Nei panni dell'ispettrice Valeria Ferro, l'ex Miss Italia Miriam Leone si trovava ad agire in una Torino dai toni decisamente cupi per gli standard Rai, provocando entusiasmi anche fin troppo esagerati. Dopo incertezze e cambi programmatici è uscita una seconda stagione, che promette di portare ancora più in alto l'asticella dell'innovazione della televisione nazionale.

Meglio tardi che mai

Parliamoci chiaro, tutta questa roba nel resto del mondo esiste ormai praticamente da sempre, ma vederlo attuato dalla Rai crea un certo sollievo, oltre all'inevitabile vena di ironia da arretratezza paleologica. Spostata su Rai 2, la serie di Claudio Corbucci segna l'entrata della tv di Stato nell'epoca dello streaming. Con l'esordio fissato al 12 Giugno, Non Uccidere è disponibile dal primo del mese sulla piattaforma online Rai Play con tutti gli episodi in una formula simil Netflix assolutamente inedita.

Dopo il primo episodio quindi non possiamo che iniziare confermando quello che di buono la serie portava con sé già dalla prima stagione. Una donna uccisa, il tema della violenza domestica, dell'aggressività maschilista trattato con una certa crudezza e profondità per gli standard delle produzioni Rai; una Miriam Leone cadaverica, stanca, si dipana tra il caso e un nuovo stravolgimento nel rapporto con sua madre, filo conduttore della prima stagione. Ritroviamo quindi da subito le caratteristiche che avevano fatto di Non Uccidere una serie a suo modo così diversa, e così simile agli standard mondiali, almeno nelle intenzioni.
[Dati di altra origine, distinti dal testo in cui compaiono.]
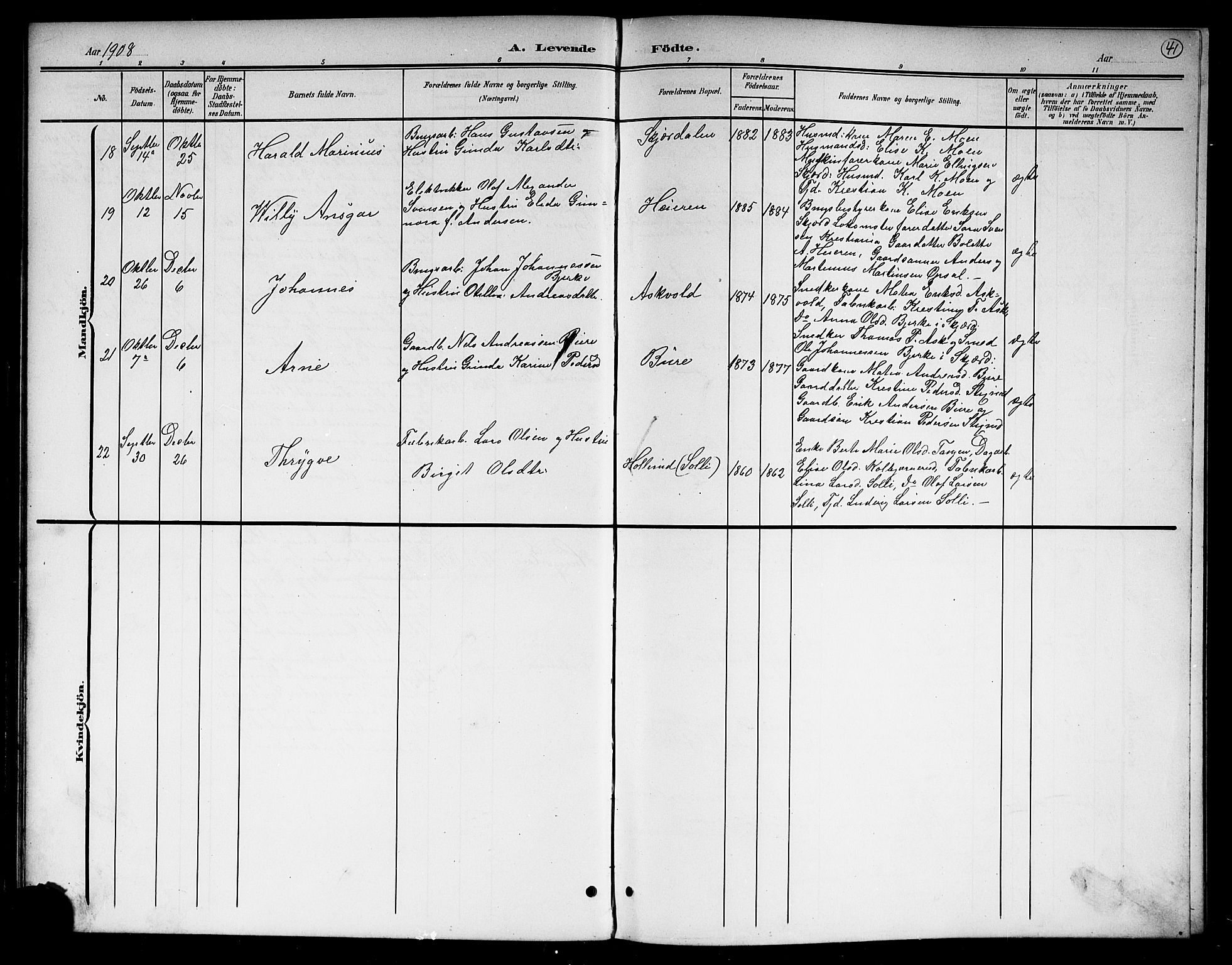 Hole kirkebøker, AV/SAKO-A-228/G/Gb/L0004: Parish register (copy) no. II 4, 1901-1916, p. 41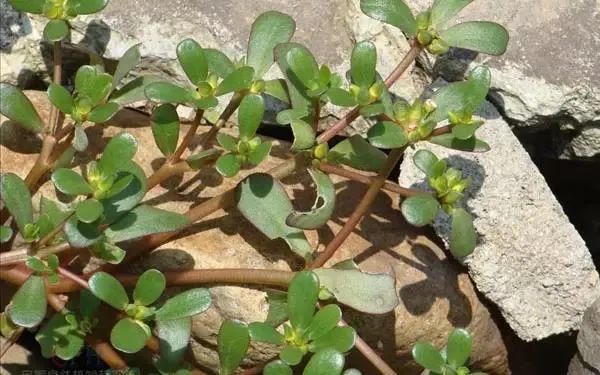 马蜂菜(马齿苋)曲麻菜,又名苦麻,菊科植物,多年生草本,生于田间路旁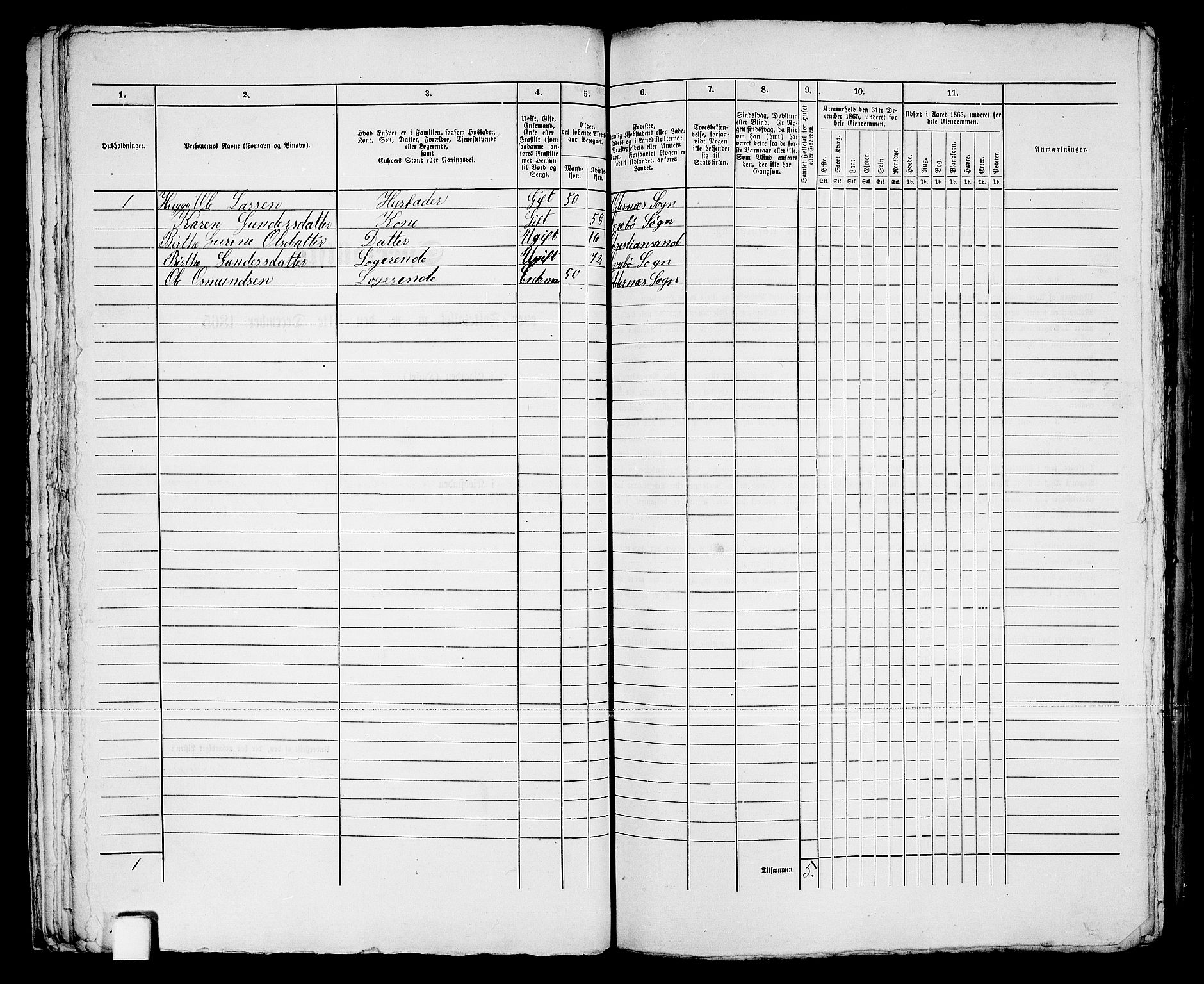 RA, 1865 census for Kristiansand, 1865, p. 1056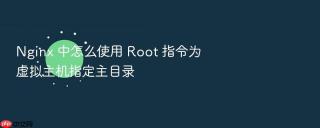 nginx 中怎么使用 root 指令为虚拟主机指定主目录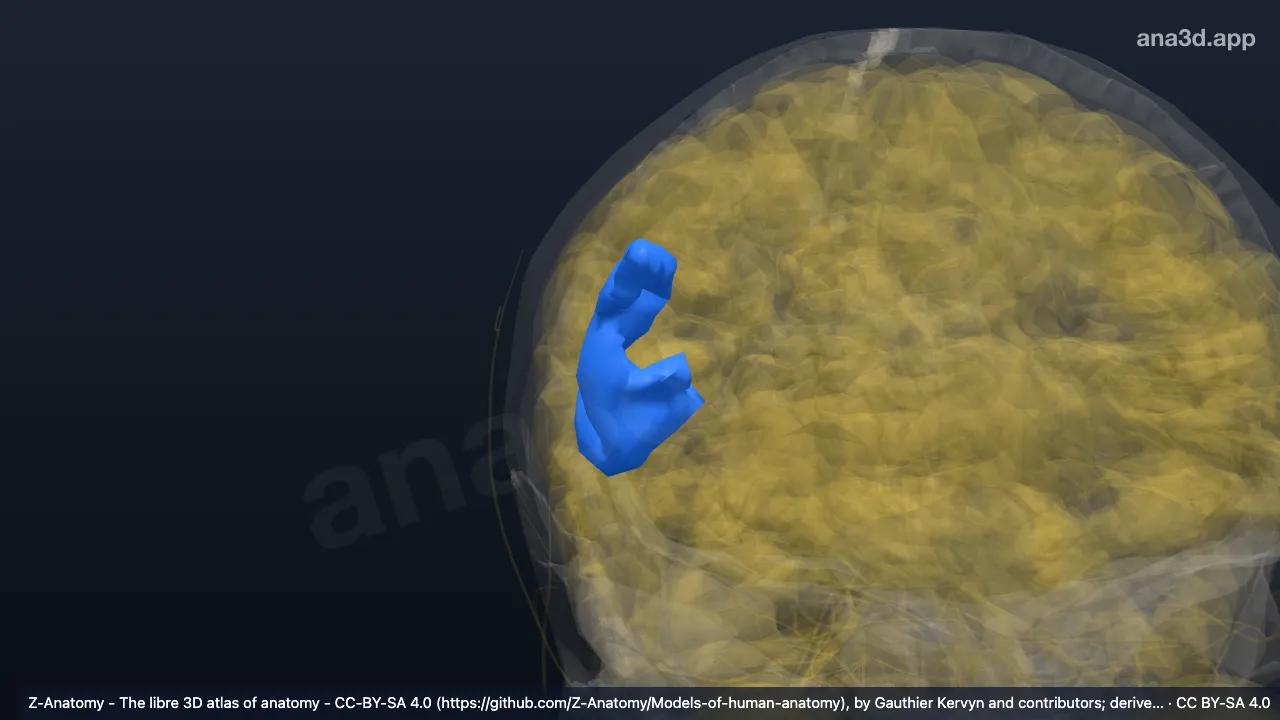 Model 3D: Bagian operkularis girus frontalis inferior kanan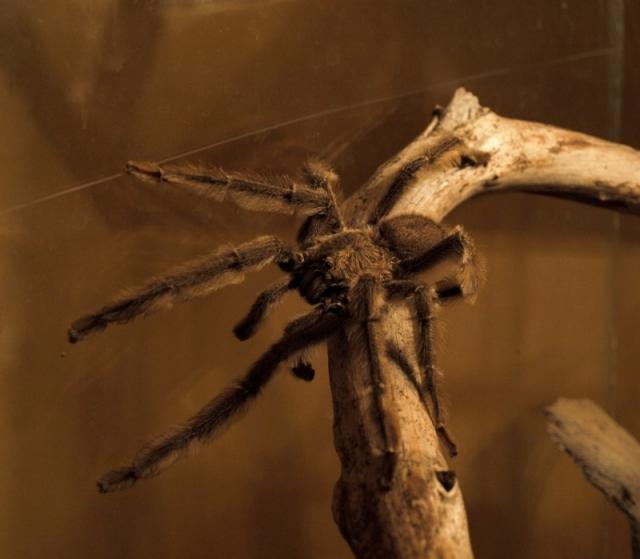 P. irminia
Torino, la città del magone

Una Torino fredda, fumosa, circondata da un'aria di malessere, fa ancora una volta da cornice all'oscurità umana. Ritorna il doppio movimento, orizzontale e verticale, nell'intreccio, cosa così scontata per i normali fruitori seriali, come non così banale per gli abituè di Don Matteo. Si riconferma una serie dalla forte ispirazione nord-europea, un poliziesco non tanto basato sulla dinamicità dell'azione e la brillante risoluzione dei casi, quanto sul lento progredire di una introspezione psicologica.

Non si spara e non si insegue; al contrario si parla, un po' come succedeva, con le dovute proporzioni in un Broadchurch ad esempio. Rimane una certa inesperienza di fondo, con il caso di turno che perde la sua solidità nel finale. Così come ancora una volta si ha una sensazione di fiction all'italiana che permane in sottofondo, uno strascico che non si ha la forza, o il coraggio, di eliminare del tutto. La strada rimane comunque buona, un buon inizio per consolidare questa lenta e progressiva aria di cambiamento.